The Breathing of the Earth in Anthroposophy

Updated: June 2026
Glossary Anthroposophy 3 min read
The Breathing of the Earth n.

Steiner's picture of the earth as a breathing being that exhales its soul-forces into the cosmos by midsummer and draws them inward by midwinter.

The Breathing of the Earth is Rudolf Steiner's claim that the planet respires like a living organism, exhaling and inhaling not air but its own soul-forces. Through summer the earth breathes out, streaming those forces into cosmic space; through winter it draws them wholly in. The slow yearly breath sits inside a faster daily one, and both differ from the human lung that only trades air.

Let us first look at the Earth at the time of the winter solstice, in the last third of December, according to our present reckoning. At this time we may compare the Earth's breathing with the lung-breathing of a man when he has inhaled a breath of air and is working on it in himself, that is, when he is holding his breath within him. In the same way, the Earth has within it those forces which I spoke of as being inhaled and exhaled.
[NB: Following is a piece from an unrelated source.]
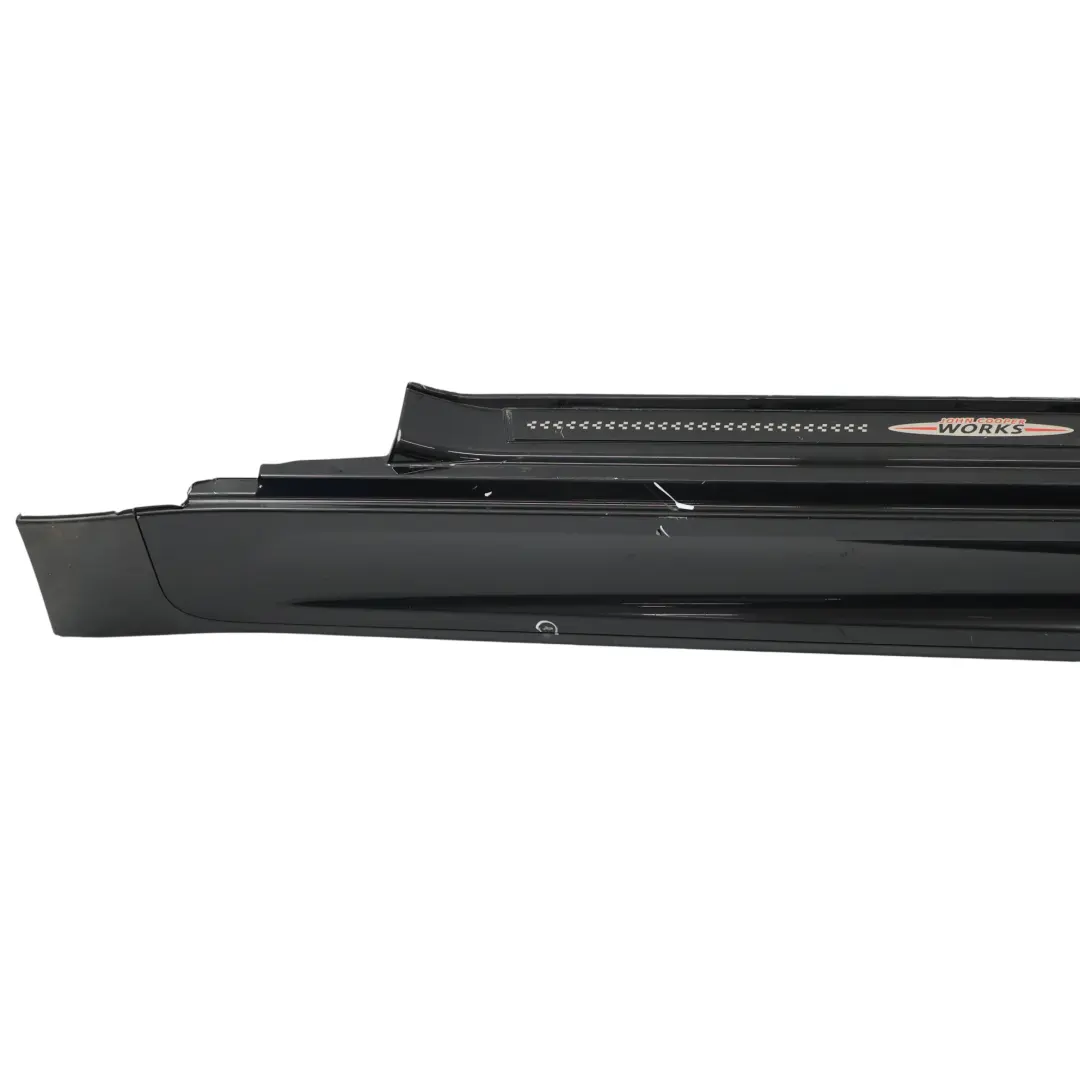Left Door N/S Sill Skirt Side Trim Midnight Black - A94 to Mini R56 R57 JCW with Part number 0404115 Mini R56 R57 JCW Left Door N/S Sill Skirt Side Trim Midnight Black - A94 - SKU 0404115-MNB - Part number 0404115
At the end of December it is holding these forces.

Rudolf Steiner, The Cycle of the Year as Breathing-Process of the Earth (GA 223, 1923)

The image lands most concretely in biodynamic land-work, the agricultural method Steiner set out in his 1924 Koberwitz lectures and that the Demeter growers' associations have carried since. A biodynamic grower does not treat the farm as a patch of dirt to be dosed, but as a single breathing being whose inward life rises and sinks with the season. The reading of the earth as a living, respiring organism is the working premise behind that practice, not a decoration laid on top of it.

In practice this means timing work to the direction of the breath, not the calendar alone. As the earth draws inward toward midwinter, its forces grow most concentrated below the surface, so the deep soil, the root crops, and the compost heap are where the life has gathered; the land is then most inwardly awake even as it looks asleep. As the breath turns outward toward midsummer, that same life streams up and out into leaf, flower, and the surrounding air, and the grower follows it upward. Ehrenfried Pfeiffer, who worked directly with Steiner and carried the method to North America in the 1930s, framed soil fertility in just these terms of an organism inhaling and exhaling. Here is the Thalira reading worth holding: the breath is not a metaphor laid over the seasons but the seasons seen from inside the breathing being, so that to garden well is to feel which way the earth is breathing and to move with it. The daily breath, fastest of the rhythms, is why dawn and dusk each carry their own distinct quality of aliveness in the soil.